Exercise requirements → A faithful copy of every entry is the goal; keep the images out of it.

______

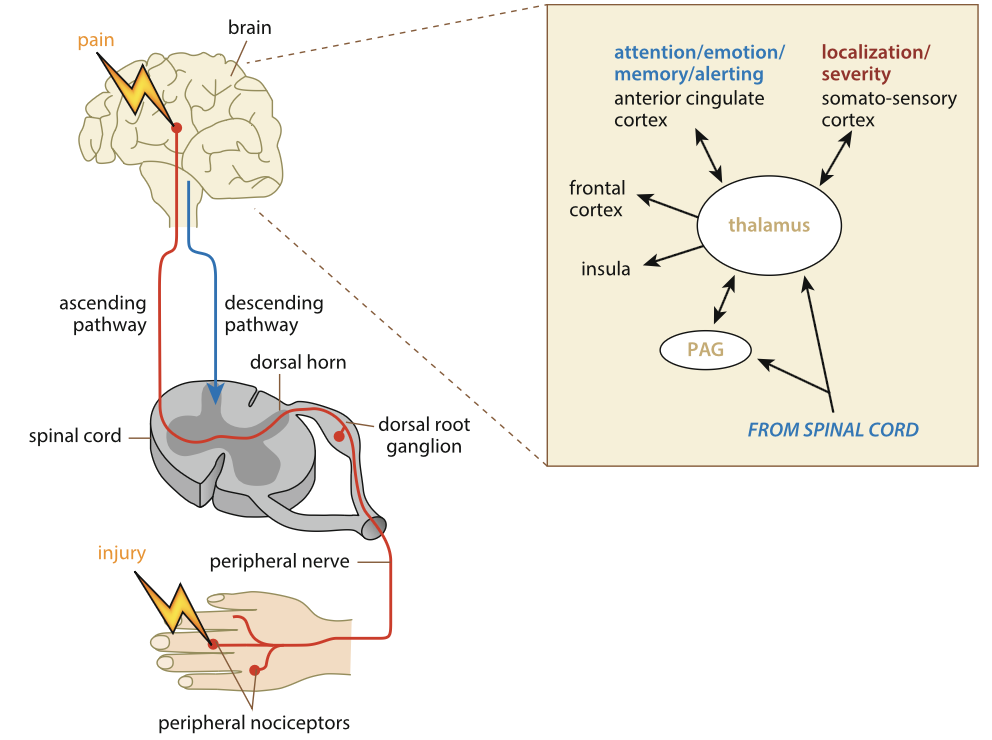 <p><strong><em><mark data-color="purple" style="background-color: purple; color: inherit;">PAG (Periaqueductal gray matter)</mark>:</em></strong> Found in the <mark data-color="yellow" style="background-color: yellow; color: inherit;">brain stem</mark>, origin of descending inhibitory pathway from the brain. Descending neural pathway from brain to spinal cord.</p><ul><li><p>When pain signals reach the brain, neurons in the PAG are activated</p></li><li><p>PAG neurons send inhibitory signals <strong><mark data-color="yellow" style="background-color: yellow; color: inherit;">down the spinal cord</mark></strong></p></li><li><p>Prevents further pain signals from reaching the brain</p></li><li><p>Acts on the <strong><em><u><mark data-color="purple" style="background-color: purple; color: inherit;">second-order neuron</mark></u></em></strong> in the <strong><mark data-color="purple" style="background-color: purple; color: inherit;">spinothalamic tract</mark></strong></p></li></ul><p></p>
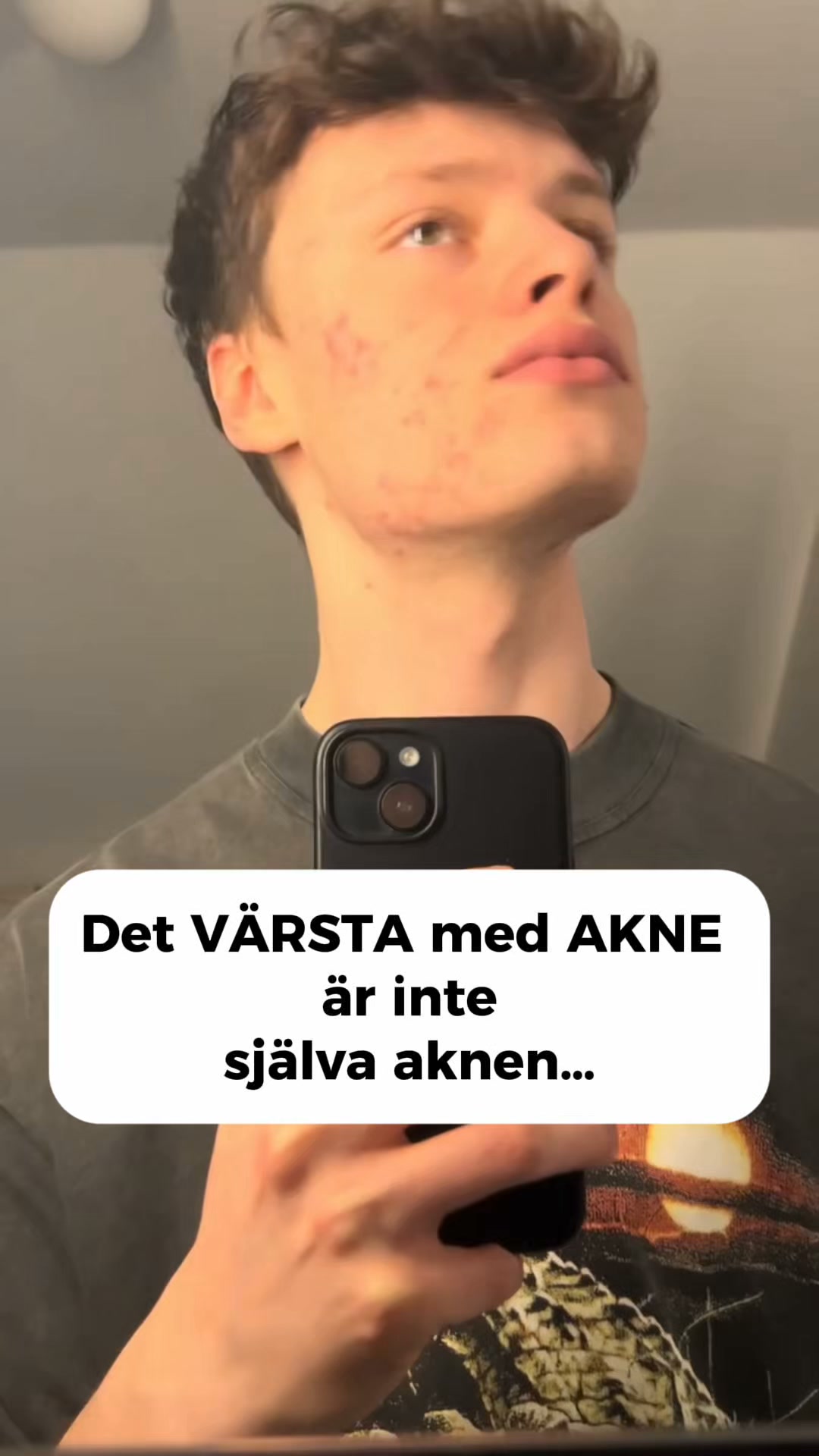 LovieBaby Facebook ad: Naturlig hudvård för akne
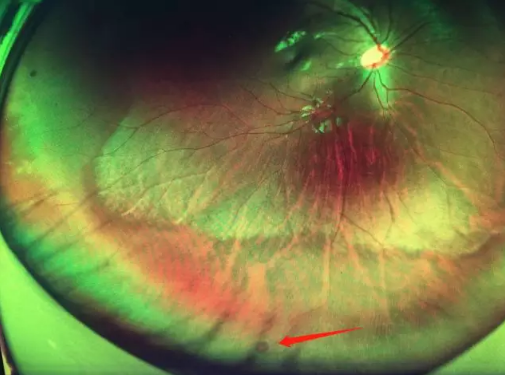 想要摘镜参军在深圳6686体育查出视网膜裂孔 细心妈妈挽救孩子视网膜1.png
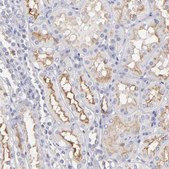 Anti-ABCB1 antibody produced in rabbit Prestige Antibodies® Powered by Atlas Antibodies, affinity isolated antibody, buffered aqueous glycerol solution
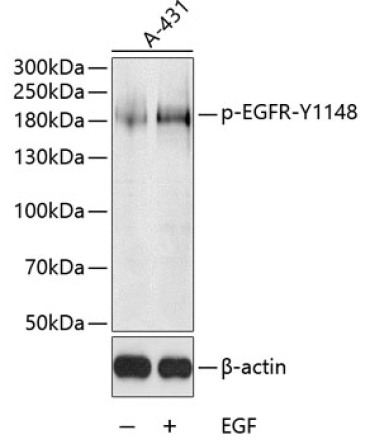 Phospho-EGFR-Y126,600 Rabbit Polyclonal Antibody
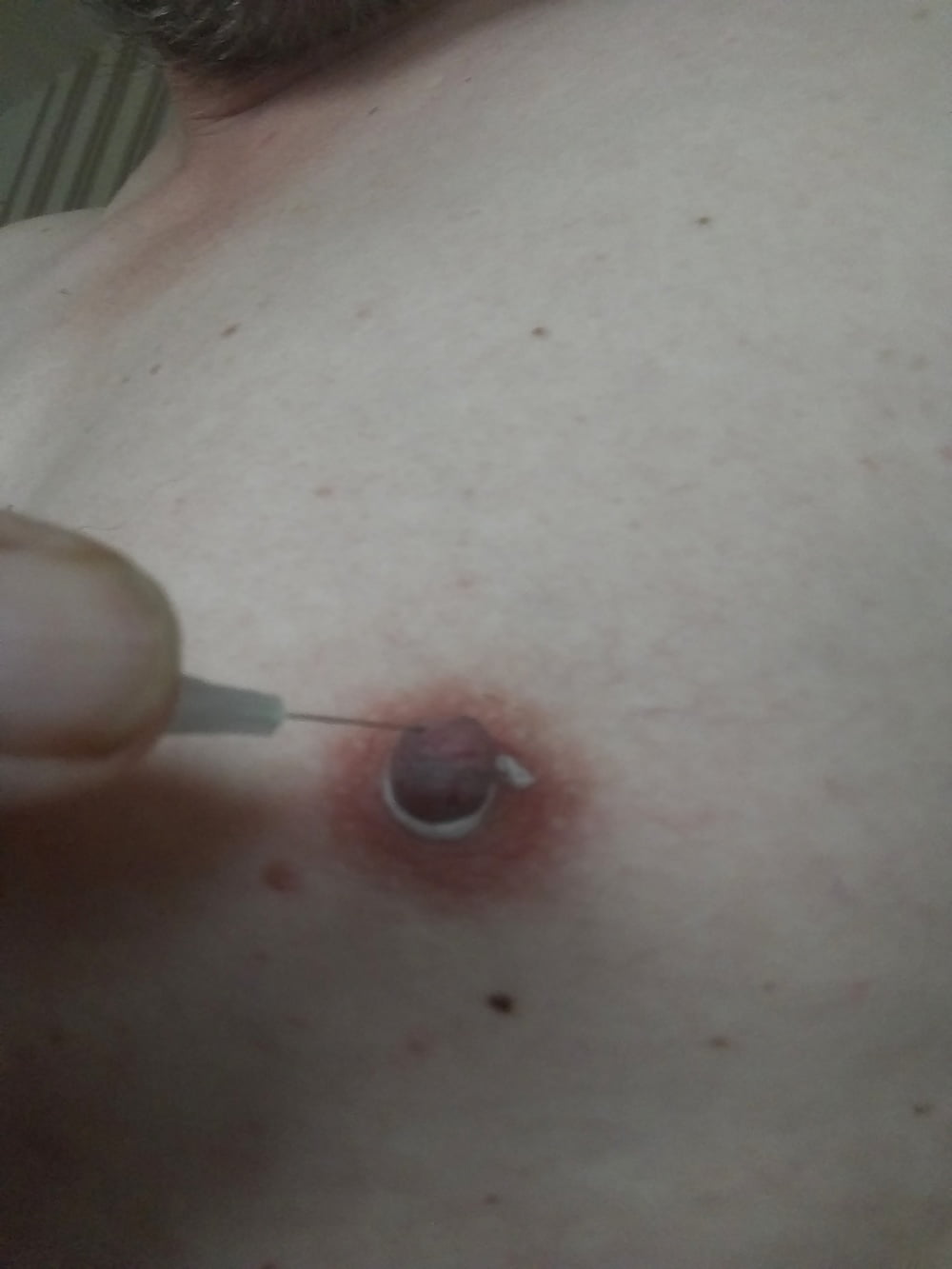 some more needles in my nipples #107007151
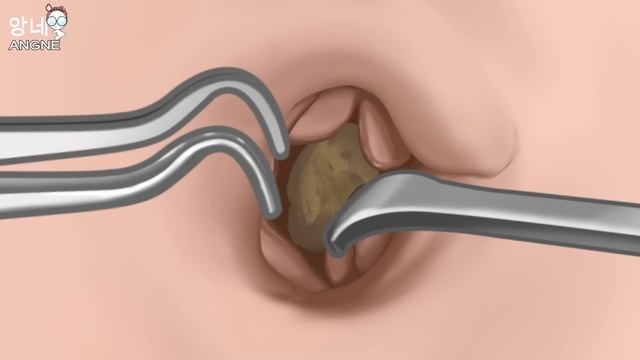 ASMR animation Removing Huge Navel Stone | Real sound | Tingle! смотреть онлайн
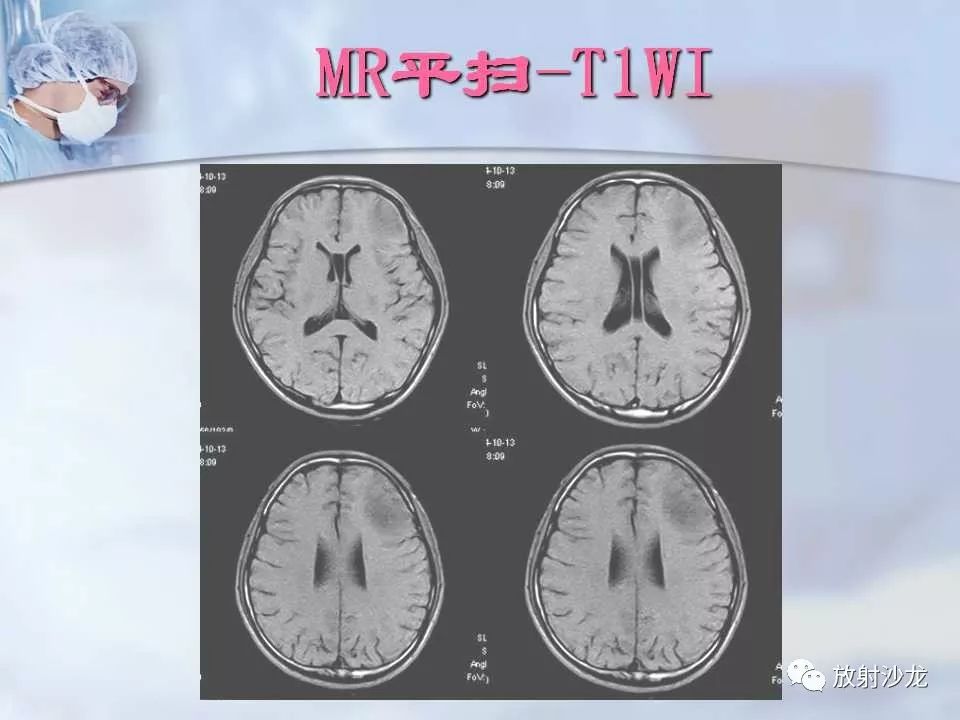 【病例】神经性梅毒1例MR影像表现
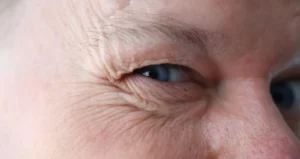 Skin Health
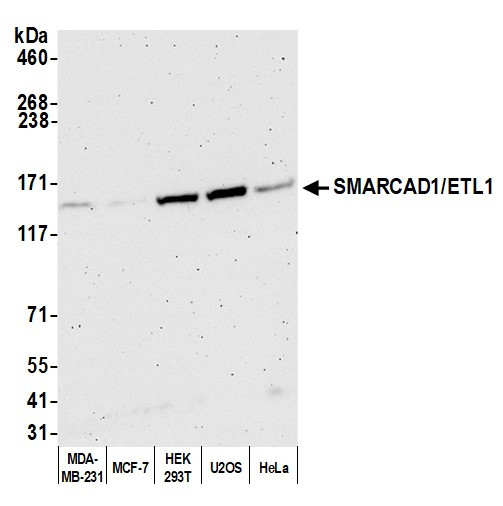 SMARCAD1/ETL1 Antibody in Western Blot (WB)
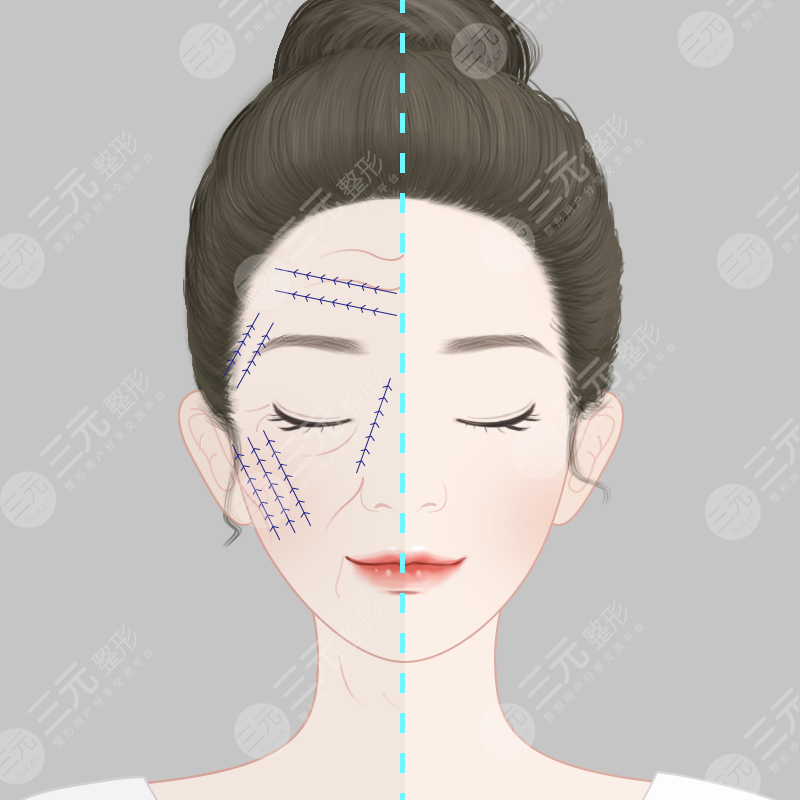 福州熱瑪吉果反饋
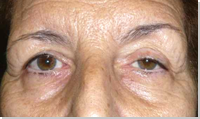 Eyelid ptosis 5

______

Solution below →
 <p><strong><em><mark data-color="purple" style="background-color: purple; color: inherit;">PAG (Periaqueductal gray matter)</mark>:</em></strong> Found in the <mark data-color="yellow" style="background-color: yellow; color: inherit;">brain stem</mark>, origin of descending inhibitory pathway from the brain. Descending neural pathway from brain to spinal cord.</p><ul><li><p>When pain signals reach the brain, neurons in the PAG are activated</p></li><li><p>PAG neurons send inhibitory signals <strong><mark data-color="yellow" style="background-color: yellow; color: inherit;">down the spinal cord</mark></strong></p></li><li><p>Prevents further pain signals from reaching the brain</p></li><li><p>Acts on the <strong><em><u><mark data-color="purple" style="background-color: purple; color: inherit;">second-order neuron</mark></u></em></strong> in the <strong><mark data-color="purple" style="background-color: purple; color: inherit;">spinothalamic tract</mark></strong></p></li></ul><p></p>
 LovieBaby Facebook ad: Naturlig hudvård för akne
 想要摘镜参军在深圳6686体育查出视网膜裂孔 细心妈妈挽救孩子视网膜1.png
 Anti-ABCB1 antibody produced in rabbit Prestige Antibodies® Powered by Atlas Antibodies, affinity isolated antibody, buffered aqueous glycerol solution
 Phospho-EGFR-Y126,600 Rabbit Polyclonal Antibody
 some more needles in my nipples #107007151
 ASMR animation Removing Huge Navel Stone | Real sound | Tingle! смотреть онлайн
 【病例】神经性梅毒1例MR影像表现
 Skin Health
 SMARCAD1/ETL1 Antibody in Western Blot (WB)
 福州熱瑪吉果反饋
 Eyelid ptosis 5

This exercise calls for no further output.